A change – it’s all too easy to get caught up in the daily grind, and as they say, “a change is as good as a rest’, so, if your only reason for moving is that you fancy doing something a little different, then a move overseas can be a rejuvenating and exciting experience.
Finally, make a note of your reasons for a move, keep it safe and keep referring to it regularly. Too many times we see, for example, candidates making a move to a tax free location to enable them to build up their savings , only to get distracted by the lifestyle on offer and, subsequently, coming out with nothing.
Stick to your reasons , and the whole experience will have been worthwhile.
Whilst we would all like to work in our dream location, your final destination may actually end up being a compromise between your number one choice and somewhere that supports your skill set.
When you do decide on a destination, check it out! Do your research and ensure that it can offer you both the range of opportunities you might need and that it matches the expectations and motivations you have already written down.
Our best advice is to actually visit your preferred location and look at the location – not as a tourist, as most will, but from the perspective of a worker.
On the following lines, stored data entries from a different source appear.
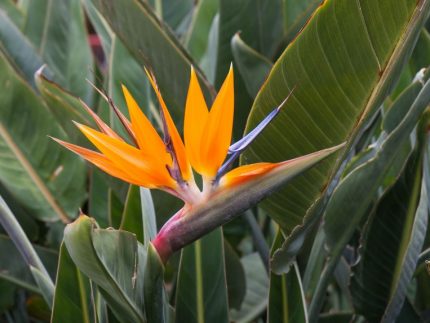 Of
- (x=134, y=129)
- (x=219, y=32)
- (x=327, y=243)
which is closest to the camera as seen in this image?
(x=134, y=129)

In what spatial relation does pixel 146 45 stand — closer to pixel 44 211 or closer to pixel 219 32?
pixel 219 32

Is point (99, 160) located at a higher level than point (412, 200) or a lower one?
higher

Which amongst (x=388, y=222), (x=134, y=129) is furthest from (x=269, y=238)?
(x=134, y=129)

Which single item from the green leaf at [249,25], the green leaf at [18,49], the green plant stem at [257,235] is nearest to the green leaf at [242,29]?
the green leaf at [249,25]

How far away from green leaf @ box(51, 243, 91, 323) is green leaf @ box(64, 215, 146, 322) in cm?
12

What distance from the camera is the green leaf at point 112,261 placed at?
57 cm

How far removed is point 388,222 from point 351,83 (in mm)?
259

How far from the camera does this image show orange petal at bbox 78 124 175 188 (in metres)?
0.55

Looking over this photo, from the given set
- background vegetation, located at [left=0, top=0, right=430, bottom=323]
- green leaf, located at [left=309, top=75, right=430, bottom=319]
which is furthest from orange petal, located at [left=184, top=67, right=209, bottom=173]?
green leaf, located at [left=309, top=75, right=430, bottom=319]

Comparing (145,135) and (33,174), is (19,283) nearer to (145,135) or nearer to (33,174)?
(33,174)

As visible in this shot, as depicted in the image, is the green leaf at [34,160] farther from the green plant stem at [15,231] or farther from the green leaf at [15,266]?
the green plant stem at [15,231]

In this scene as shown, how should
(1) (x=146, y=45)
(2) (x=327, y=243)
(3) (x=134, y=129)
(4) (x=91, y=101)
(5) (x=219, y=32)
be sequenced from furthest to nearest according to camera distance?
(4) (x=91, y=101), (5) (x=219, y=32), (1) (x=146, y=45), (2) (x=327, y=243), (3) (x=134, y=129)

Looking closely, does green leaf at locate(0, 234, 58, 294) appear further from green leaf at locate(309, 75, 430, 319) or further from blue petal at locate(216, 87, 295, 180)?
blue petal at locate(216, 87, 295, 180)

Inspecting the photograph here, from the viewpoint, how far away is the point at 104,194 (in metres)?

On your “reccie”, arrange to meet Recruitment Consultancies, view properties with Estate Agents and get a firm handle on the true cost of living. That way, no surprises! This is absolutely essential in your search for working overseas.
One obvious consideration is how long you intend to be away from home. To make it worthwhile, most candidates go overseas for a minimum of one year. However, don’t bank on coming home exactly as planned, many candidates end up staying way beyond the initial period of the assignment. I can say this with some authority as my one year move to Dubai is now in its seventh year…and second continent!
Also consider the level of position you want to accept. Many people like to believe they’ll get a promotion if they move overseas, but the truth is often rather different. When you move overseas, you have to prove yourself again in a new market. So, it is usual to move across at the same level, with some people even having to take a step back (to then take a step forward). Try to remember why it is that companies recruit internationally in the first place, it is because they cannot find the right people locally. If they could recruit locally, generally they would.
Finally, consider what skills you want to use if you move overseas, and whether any of the opportunities you are looking at offer you the chance to pick up new skills or enhance your existing skill set. We hope that you’ve found this guide to working overseas a useful and thought provoking read.